Little by little, however, as his will power mastered his dejection, a deep, fierce anger seized him and grew stronger every day. He had a mission to fulfill; this he realized, and his purposes grew clear and definite. Henceforth it was not solely his friend Juve he must rescue from his unhappy plight, but there was Elisabeth’s fearful death he was called upon to avenge. And as he considered these two duties, one as dear to his heart as the other, Fandor recognized that in reality he was pursuing one and the same object, for indeed the main author of all these calamities, the responsible agent, the being who by his sorceries had sown mourning and desolation round about him, was still and always the mysterious, the ever elusive Fantômas! Oh! to unmask the monster, to come face to face with him, to discover in which of the group among whom he worked and manœuvred was really and truly incarnate the mysterious malefactor, this was what the journalist swore to himself to achieve! At all costs he must get done with it; to make an end was necessary, indispensable, and that with the briefest possible delay.
Fandor was filled with a new hope. Though still in hiding from the police and living the life of a pariah, he was yet able to glean occasional information from casual conversations and newspapers, and he noted a certain veering round of public opinion in favour of his friend. It was impossible, people were saying, that Juve, a prisoner in the Santé, could be guilty of all the murders and robberies ascribed to the agency of Fantômas. To this was added Fandor’s definite and undoubted discovery of certain activities of the gang at whose head old Moche figured. Though kept somewhat at arm’s length by the members of this gang, the journalist did nevertheless succeed in learning a number of facts that enabled him to prosecute his investigations on clear and precise lines. Now he had lately acquired the certainty that Père Moche counted for much in the profitable enterprises engineered by Fantômas.
But where was Fantômas? Not far off, for certain! Yet, with equal certainty, more difficult to track down, more elusive than ever. Nor was it only Fandor who was at fault. The American detective Tom Bob was in the same predicament. In fact, the latter, despite his fine audacity and his first triumphs, had not continued his successes. For quite a long time now people had ceased to talk about him; he seemed to have lost interest in the war he had declared against Fantômas.
Furthermore Fandor had observed that the American, who on his first arrival had promised him his protection and support, had suddenly left off seeing him, indeed made little or no concealment of the fact that he no longer desired to be in touch with him.
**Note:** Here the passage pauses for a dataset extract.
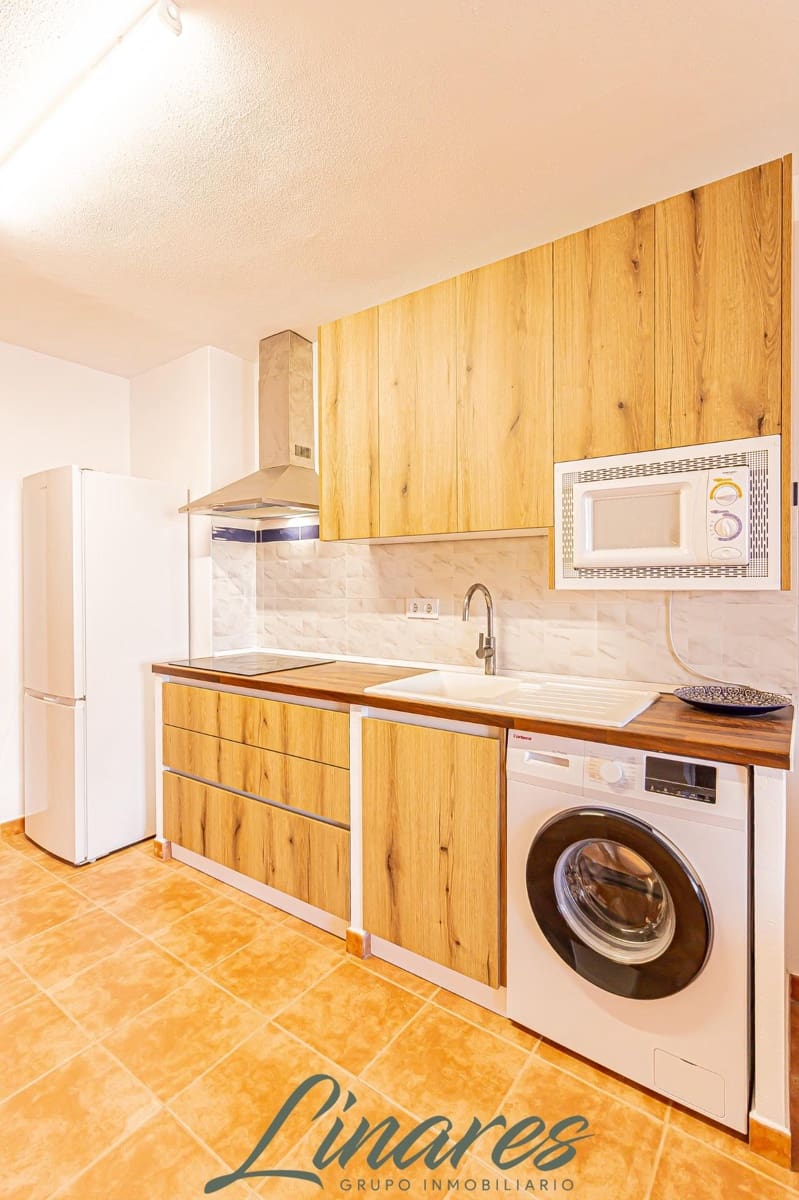 2 bedroom Apartment for sale in La Manga del Mar Menor - € 165,000 (Ref: 9780761)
Why this change? with what object in view? Was Tom Bob ashamed to avow himself beaten? or was he hoping, alone, by himself, to run Fantômas to earth?
Such were the young man’s thoughts when the landlord of The Orange Blossom suddenly burst into the eating room.
“Daniel,” he cried, “you must make haste, my lad! here’s the wedding party coming, they’re not late after all; quick, put on your apron and jacket, breakfast will be served instanter!”
Two landaus had just drawn up at the entrance to the gardens, two simple, unpretending vehicles, with none of your wide plate-glass windows, none of your big carriage lamps at the four corners of the coach.